EDIT: not sure why the post is being negged considering it's basically true. I suggest people actually travel around the region and find out how little Chinese culture has impacted East Asia. I am a long term resident of East Asia and I understand the culture more than most Chinese people.

3 comments

China's influence on Japan has been huge... It's very odd to read a claim that Chinese culture has had little impact on Japan!

Of course there are specifically Japanese aspects but more often than not there is Chinese influence. Architecture, writing, religion, dress, food, everywhere.

You could argue that other cultures have had similar impacts on Japan as well, including Western and Indian. What I disagree with is the idea that China is the "Greece of Asia" which is laughable at best. How exactly has the Chinese had a major influence on Japanese religion, architecture and dress? Chinese food shares the table with numerous cuisines from across Asia, and Chinese writing is also shared with Japanese, Western and Indian writing influences as well.
It's easy to come up with many examples of major Chinese cultural elements in the surrounding countries.

I'll give just one obvious example: Kanji. Kanji is obviously a major part of Japanese culture. It literally means "Chinese characters," because that's what it was adapted from.[0]

Or to give you just one more example, because it's incredibly striking: Japan's own name for itself, Nihon/Nippon, is borrowed from Chinese. The same is actually true of "Vietnam," which is also a loanword from Chinese.

0. https://en.wikipedia.org/wiki/Kanji

But relative impact is low. Latin and Indian scripts are used throughout Asia as well, including Japan. i.e. to say that it is the "greece of asia" is a bit over-chauvinistic.
Somewhere around half of the words in modern Korean, Japanese and Vietnamese are borrowed from Chinese. The impact of Chinese culture is massive across the board in these countries.
Half the words in modern Japanese is a long stretch. All Japanese words have two readings so obviously you can say that, but only one of those readings is used in daily conversation.
The linguistic influence of Chinese in Japanese is similar to the linguistic influence of Latin and French on English. The more elevated a subject, the higher the percentage of Latin or French borrowings.

Everyday spoken language will have a lower rate of loanwords, but writing about any complex subject will have a higher level.

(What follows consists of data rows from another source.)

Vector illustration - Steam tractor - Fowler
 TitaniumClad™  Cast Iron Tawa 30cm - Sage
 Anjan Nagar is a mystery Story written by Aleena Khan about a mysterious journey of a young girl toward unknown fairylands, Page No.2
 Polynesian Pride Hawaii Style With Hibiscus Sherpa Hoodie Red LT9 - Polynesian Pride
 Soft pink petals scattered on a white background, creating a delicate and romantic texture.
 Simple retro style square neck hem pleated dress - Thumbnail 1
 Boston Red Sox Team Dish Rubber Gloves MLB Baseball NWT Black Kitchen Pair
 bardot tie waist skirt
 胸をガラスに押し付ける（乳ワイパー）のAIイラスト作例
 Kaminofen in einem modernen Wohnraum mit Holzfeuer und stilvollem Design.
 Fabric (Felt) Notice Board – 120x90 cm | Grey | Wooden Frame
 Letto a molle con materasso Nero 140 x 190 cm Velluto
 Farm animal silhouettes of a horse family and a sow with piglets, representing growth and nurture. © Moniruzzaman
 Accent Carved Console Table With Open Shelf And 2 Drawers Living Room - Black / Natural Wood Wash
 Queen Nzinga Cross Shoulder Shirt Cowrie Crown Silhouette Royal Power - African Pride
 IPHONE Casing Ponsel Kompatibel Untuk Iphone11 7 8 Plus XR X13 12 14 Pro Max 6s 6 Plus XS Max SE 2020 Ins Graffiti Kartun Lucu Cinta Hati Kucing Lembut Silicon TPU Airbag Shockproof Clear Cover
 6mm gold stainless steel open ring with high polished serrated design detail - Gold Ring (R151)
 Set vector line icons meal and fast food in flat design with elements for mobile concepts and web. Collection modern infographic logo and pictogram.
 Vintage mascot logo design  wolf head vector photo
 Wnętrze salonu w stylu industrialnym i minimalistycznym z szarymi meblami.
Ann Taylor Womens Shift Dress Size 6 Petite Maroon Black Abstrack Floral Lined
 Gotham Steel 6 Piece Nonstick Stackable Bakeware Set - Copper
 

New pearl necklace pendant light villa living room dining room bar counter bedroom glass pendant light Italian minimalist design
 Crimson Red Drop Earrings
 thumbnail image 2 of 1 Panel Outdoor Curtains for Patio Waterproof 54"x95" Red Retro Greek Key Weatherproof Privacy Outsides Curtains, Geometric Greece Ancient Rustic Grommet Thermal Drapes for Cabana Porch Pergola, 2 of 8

Once you get into philosophy, politics, literature, etc., you're dealing with a high level of borrowing, both in the case of English and of Japanese.

But regardless of whether the true rate of loanwords from Chinese is 20% or 50%, this is a massive level of linguistic influence. And again, this is just one aspect of China's cultural influence on Japan. I mentioned the Kanji writing system earlier, which is very important in Japanese culture, but I could also point out many other areas where there's significant Chinese influence, such as literature, philosophy or religion, or even more banal things like the game of Go, which is one of the most popular games in China, Korea and Japan.